I want to believe the mayor, but I just don’t know.

Over the weekend, clips of a covert recording were leaked on social media. In a conversation recorded without his knowledge three years ago, Reed, the mayor of Montgomery, said some things he probably wishes now that he didn’t.

That he didn’t need Black voters as long as he had enough white support.

That if white people take their money to the suburbs, Montgomery won’t have anything “green” to show for itself.

That he didn’t really know anybody who works at Maxwell-Gunter Air Force base, his region’s largest employer.

And he probably regrets the salty language.

But Reed isn’t apologizing. Quite the opposite, on Tuesday, the mayor went on the offensive.

In a press conference, Reed accused the head of a Montgomery nonprofit, Charles Lee, of shaking him down in the wake of George Floyd’s murder three years ago.

It was a tenuous moment for the city and the country, and it enraged him, he says, when the activist tried to shake him down for $30,000 promised to the nonprofit by the previous administration.

It made Reed mad, and the mayor implied that under other circumstances his response might have been physical.

“It was something that really to be honest with you caught in the questions of my manhood, and probably outside of this position, I would have taken a different approach to someone, during that time, bringing that up,” Reed said. “And so what you heard was verbal frustration and anger.”
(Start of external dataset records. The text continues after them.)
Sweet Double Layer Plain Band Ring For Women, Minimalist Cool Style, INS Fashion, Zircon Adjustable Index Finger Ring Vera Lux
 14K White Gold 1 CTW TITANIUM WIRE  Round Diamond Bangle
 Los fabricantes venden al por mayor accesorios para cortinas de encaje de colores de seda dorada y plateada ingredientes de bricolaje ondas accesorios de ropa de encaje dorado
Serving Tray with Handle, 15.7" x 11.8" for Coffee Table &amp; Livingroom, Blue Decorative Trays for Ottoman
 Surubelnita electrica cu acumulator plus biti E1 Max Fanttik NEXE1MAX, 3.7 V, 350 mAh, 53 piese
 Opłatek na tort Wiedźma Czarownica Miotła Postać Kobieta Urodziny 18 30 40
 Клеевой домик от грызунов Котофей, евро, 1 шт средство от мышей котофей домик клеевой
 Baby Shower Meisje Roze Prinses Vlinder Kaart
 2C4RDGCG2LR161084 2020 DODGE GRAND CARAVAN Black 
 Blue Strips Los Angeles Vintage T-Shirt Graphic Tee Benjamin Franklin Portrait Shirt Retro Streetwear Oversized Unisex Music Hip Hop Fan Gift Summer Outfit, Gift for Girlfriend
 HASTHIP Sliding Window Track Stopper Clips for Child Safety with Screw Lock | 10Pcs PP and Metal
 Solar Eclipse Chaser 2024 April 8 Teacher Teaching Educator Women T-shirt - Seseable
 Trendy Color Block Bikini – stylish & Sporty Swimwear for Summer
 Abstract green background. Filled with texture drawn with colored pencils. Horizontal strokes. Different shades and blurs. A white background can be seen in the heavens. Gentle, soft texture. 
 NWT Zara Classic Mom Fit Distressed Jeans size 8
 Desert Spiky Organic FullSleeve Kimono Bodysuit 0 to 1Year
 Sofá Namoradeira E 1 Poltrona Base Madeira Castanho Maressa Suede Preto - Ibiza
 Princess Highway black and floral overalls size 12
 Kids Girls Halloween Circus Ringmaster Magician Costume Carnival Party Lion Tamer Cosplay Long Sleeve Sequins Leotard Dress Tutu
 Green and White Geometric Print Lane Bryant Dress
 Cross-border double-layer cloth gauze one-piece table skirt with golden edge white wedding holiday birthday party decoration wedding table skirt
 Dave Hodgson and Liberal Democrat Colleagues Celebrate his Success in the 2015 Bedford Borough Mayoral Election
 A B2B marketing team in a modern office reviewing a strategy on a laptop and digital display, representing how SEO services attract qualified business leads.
Reed said he met with the district attorney after he learned the conversation had been recorded, but he decided not to prosecute after others had advised him not to.

He also said he’s now changed his mind and will press charges, alleging extortion.

After the conversation with Lee, Reed said he went with Lee to E.D. Nixon Elementary School, where they met with community members who were upset and frustrated in the national backlash to Floyd’s murder at the hands of police.

“And we gave a speech that I put together about understanding the need for more trust and transparency between our police department and our community,” Reed recalled in the press conference.

And that’s where my incredulity bubbled up.

I’m not that distressed by what Reed said on recordings.

This sort of thing happens all the time in politics. An activist or community leader gives a politician their support and once that official makes it into office, they expect something in return. Sometimes they get it. Other times they don’t.

And sometimes things go really sour.

Reed wants us to believe his version of that meeting, and he had me — up until he started talking about transparency. It was like a bucket of ice water for an alarm clock.

Because here’s the thing. When it comes to violent encounters with police, the city Reed leads has not been transparent.

Not before he got there.

Not after.

And if Reed would stand in front of a room of angry citizens make one empty promise then, how are we to believe him today?

As my colleague Ashley Remkus has written about extensively, the Montgomery Police Department has fought transparency in one case for four years.

In 2018, police responded to a call about a potential burglary in an empty house, where they found Joseph Pettaway hiding under a bed. Pettaway’s family said he had been working on the house and sometimes stayed there.

What we know after that comes from details in a lawsuit against the city.

During the call, police released a K-9, Niko, despite Pettaway not having fought them or having resisted arrest, a federal judge found later. Niko bit Pettaway in the groin and refused to release him until choked by the officers.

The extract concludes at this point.